Research talk:Anonymous editor acquisition/Signup CTA experiment/Work log/2014-04-03

From Meta, a Wikimedia project coordination wiki

Thursday, April 3rd[edit]

Today I need to build an estimate of the number of anon editors that we see in a 1-2 week period so that we can figure out how long our experiment will need to last. I'm going to assume boolean metrics and a 2-3% change. Luckily, I've already done this analysis for a previous study. See File:Onboarding.rollout.proportion_test.pvalue_by_observations.svg. It looks like we should have no problem identifying significant effects with 5000 users per condition. That means I need 15k users to cover the three conditions (control, pre-edit CTA & post-edit CTA).

Until I can make use of tokens, my best way to estimate the # of anon editors is by looking for unique IP addresses and user agents over time using the cu_chamges table (see mw:Extension:CheckUser). --Halfak (WMF) (talk) 15:52, 3 April 2014 (UTC)[reply]


Created project repo: https://github.com/halfak/Anonymous-phenomena

I'm hoping to use this for all anon studies -- not just the current one. --Halfak (WMF) (talk) 15:55, 3 April 2014 (UTC)[reply]
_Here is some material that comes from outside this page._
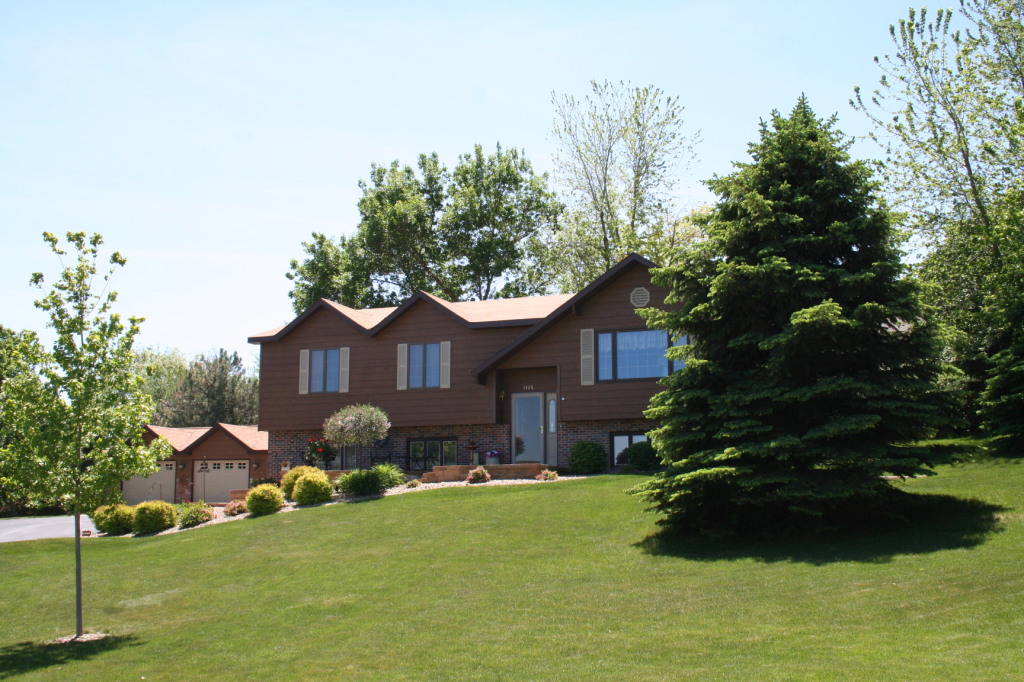 1125 CHALKSTONE Dr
I made the following figure to make sure that the timeline of the experiment was clear (assuming two week observation period):

The timeline of experimentation and observation is presented.
Timeline. The timeline of experimentation and observation is presented.

I'll have to modify it when I'm done with the power analysis. --Halfak (WMF) (talk) 15:55, 3 April 2014 (UTC)[reply]


> SELECT
    ->     COUNT(*) AS ip_agent_count,
    ->     COUNT(DISTINCT cuc_ip) AS ip_count
    -> FROM (
    ->     SELECT
    ->         cuc_ip,
    ->         cuc_agent
    ->     FROM cu_changes
    ->     WHERE
    ->         cuc_user = 0 AND
    ->         cuc_timestamp BETWEEN "20140325" AND "20140401"
    ->     GROUP BY 1,2
    -> ) AS unique_ip_agent;
+----------------+----------+
| ip_agent_count | ip_count |
+----------------+----------+
|          97847 |    92969 |
+----------------+----------+
1 row in set (5.15 sec)

So, if IP or IP/Agent is a good way of estimating the # of users, it looks like we'll have about 92k-97k anons to work with in one week of experimentation. We might even get twice that many attempting to edit. We don't want to do less than a week due to the periodic nature of weekends and weekdays. Time to update the experiment duration to reflect a week. --Halfak (WMF) (talk) 21:03, 3 April 2014 (UTC)[reply]